*REQUIRED ACTION*. Go through the following data and transcribe exactly the stretch of lines from the one holding "landscape, aerial view" to the one holding "3Pcs/Set Baby Flower Bibs & Headbands Bow", both included.

*DATA FOR REVIEW*.
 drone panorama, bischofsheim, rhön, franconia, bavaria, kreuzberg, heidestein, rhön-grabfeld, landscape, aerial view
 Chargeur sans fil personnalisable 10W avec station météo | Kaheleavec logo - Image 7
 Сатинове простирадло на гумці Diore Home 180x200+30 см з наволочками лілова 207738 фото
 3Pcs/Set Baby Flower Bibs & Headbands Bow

...

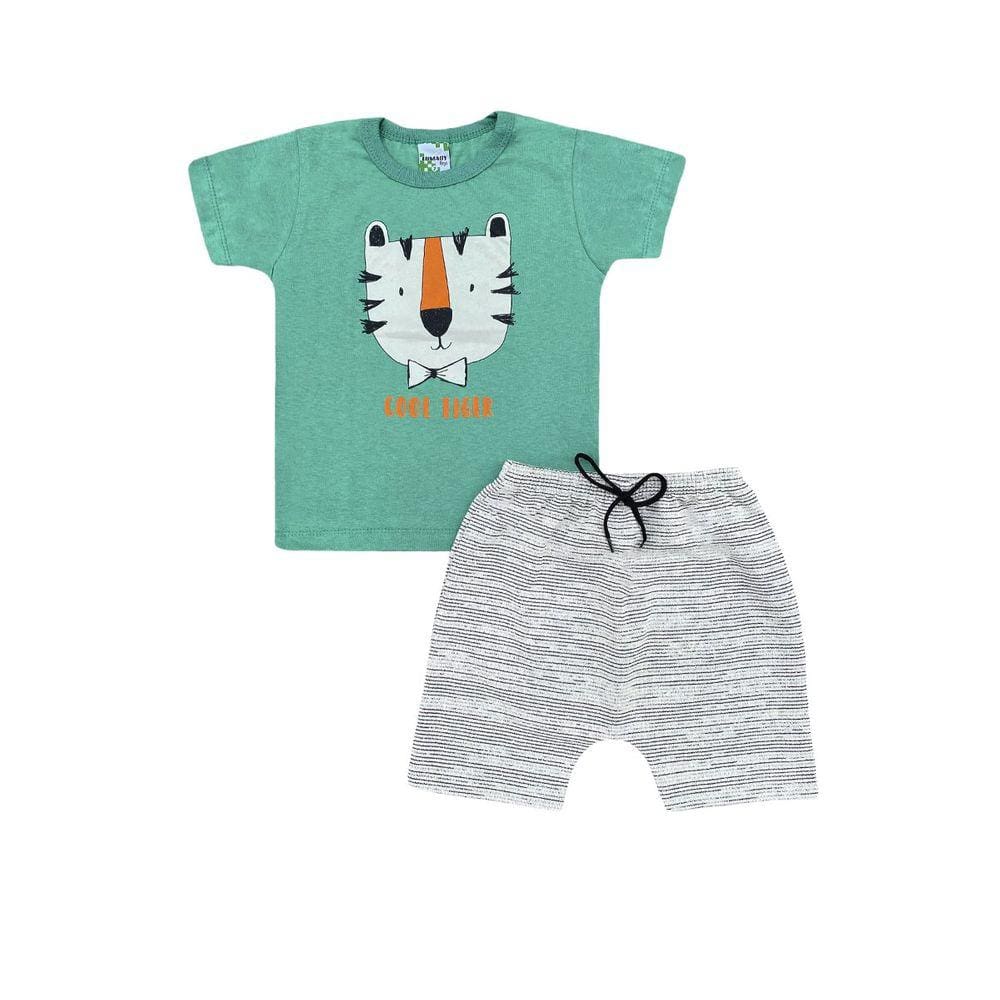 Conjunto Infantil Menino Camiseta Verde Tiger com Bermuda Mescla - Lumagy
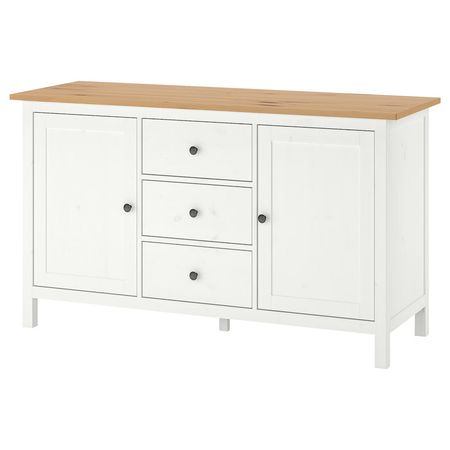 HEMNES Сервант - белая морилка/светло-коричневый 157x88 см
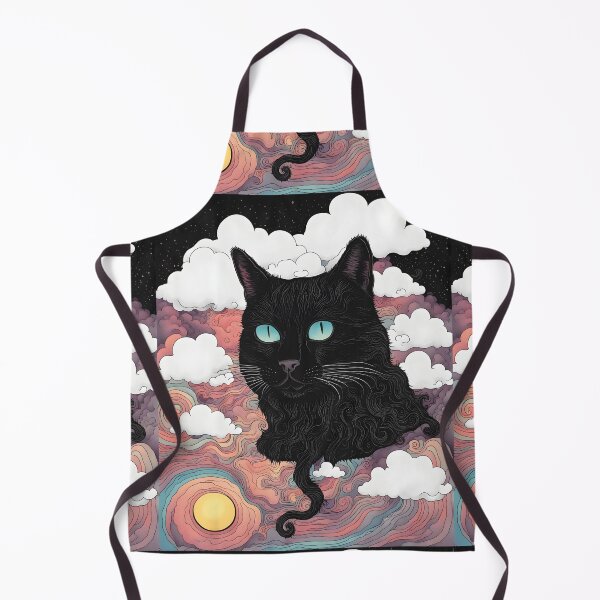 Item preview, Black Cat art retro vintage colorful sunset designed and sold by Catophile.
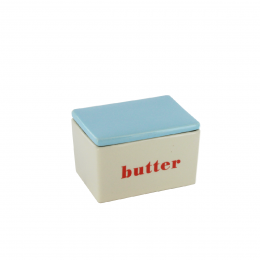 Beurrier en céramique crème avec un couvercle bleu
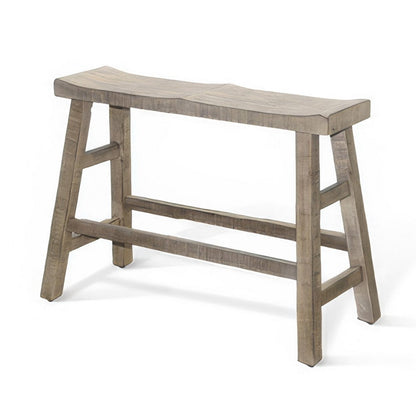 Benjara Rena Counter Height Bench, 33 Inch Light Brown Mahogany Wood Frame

*ANSWER FOR THIS EXERCISE*.
 drone panorama, bischofsheim, rhön, franconia, bavaria, kreuzberg, heidestein, rhön-grabfeld, landscape, aerial view
 Chargeur sans fil personnalisable 10W avec station météo | Kaheleavec logo - Image 7
 Сатинове простирадло на гумці Diore Home 180x200+30 см з наволочками лілова 207738 фото
 3Pcs/Set Baby Flower Bibs & Headbands Bow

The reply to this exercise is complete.